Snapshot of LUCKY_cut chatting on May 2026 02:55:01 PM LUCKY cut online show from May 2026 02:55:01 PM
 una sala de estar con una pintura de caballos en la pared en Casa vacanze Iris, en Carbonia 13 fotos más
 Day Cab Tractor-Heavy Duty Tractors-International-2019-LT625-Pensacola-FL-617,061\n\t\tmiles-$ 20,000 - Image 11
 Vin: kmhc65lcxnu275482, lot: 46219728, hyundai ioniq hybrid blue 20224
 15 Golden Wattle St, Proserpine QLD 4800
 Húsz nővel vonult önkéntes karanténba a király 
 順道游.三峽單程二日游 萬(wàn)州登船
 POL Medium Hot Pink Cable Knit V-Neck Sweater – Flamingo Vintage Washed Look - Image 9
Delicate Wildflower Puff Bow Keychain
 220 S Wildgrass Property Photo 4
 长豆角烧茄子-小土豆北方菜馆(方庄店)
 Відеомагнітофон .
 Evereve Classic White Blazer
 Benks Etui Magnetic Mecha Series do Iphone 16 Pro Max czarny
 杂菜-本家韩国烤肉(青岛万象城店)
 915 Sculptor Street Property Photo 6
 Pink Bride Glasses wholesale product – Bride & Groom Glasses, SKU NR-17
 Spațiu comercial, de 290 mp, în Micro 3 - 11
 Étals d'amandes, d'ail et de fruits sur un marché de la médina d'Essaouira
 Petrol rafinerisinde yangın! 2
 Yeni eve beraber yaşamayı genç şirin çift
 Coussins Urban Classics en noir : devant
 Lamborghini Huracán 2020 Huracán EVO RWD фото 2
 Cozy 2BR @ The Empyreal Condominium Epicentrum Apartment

◆ Work order ◆
Using the records above, output exactly the lines from the one containing "Húsz nővel vonult" through the last line, and no others.

◆ Result below ◆
 Húsz nővel vonult önkéntes karanténba a király 
 順道游.三峽單程二日游 萬(wàn)州登船
 POL Medium Hot Pink Cable Knit V-Neck Sweater – Flamingo Vintage Washed Look - Image 9
Delicate Wildflower Puff Bow Keychain
 220 S Wildgrass Property Photo 4
 长豆角烧茄子-小土豆北方菜馆(方庄店)
 Відеомагнітофон .
 Evereve Classic White Blazer
 Benks Etui Magnetic Mecha Series do Iphone 16 Pro Max czarny
 杂菜-本家韩国烤肉(青岛万象城店)
 915 Sculptor Street Property Photo 6
 Pink Bride Glasses wholesale product – Bride & Groom Glasses, SKU NR-17
 Spațiu comercial, de 290 mp, în Micro 3 - 11
 Étals d'amandes, d'ail et de fruits sur un marché de la médina d'Essaouira
 Petrol rafinerisinde yangın! 2
 Yeni eve beraber yaşamayı genç şirin çift
 Coussins Urban Classics en noir : devant
 Lamborghini Huracán 2020 Huracán EVO RWD фото 2
 Cozy 2BR @ The Empyreal Condominium Epicentrum Apartment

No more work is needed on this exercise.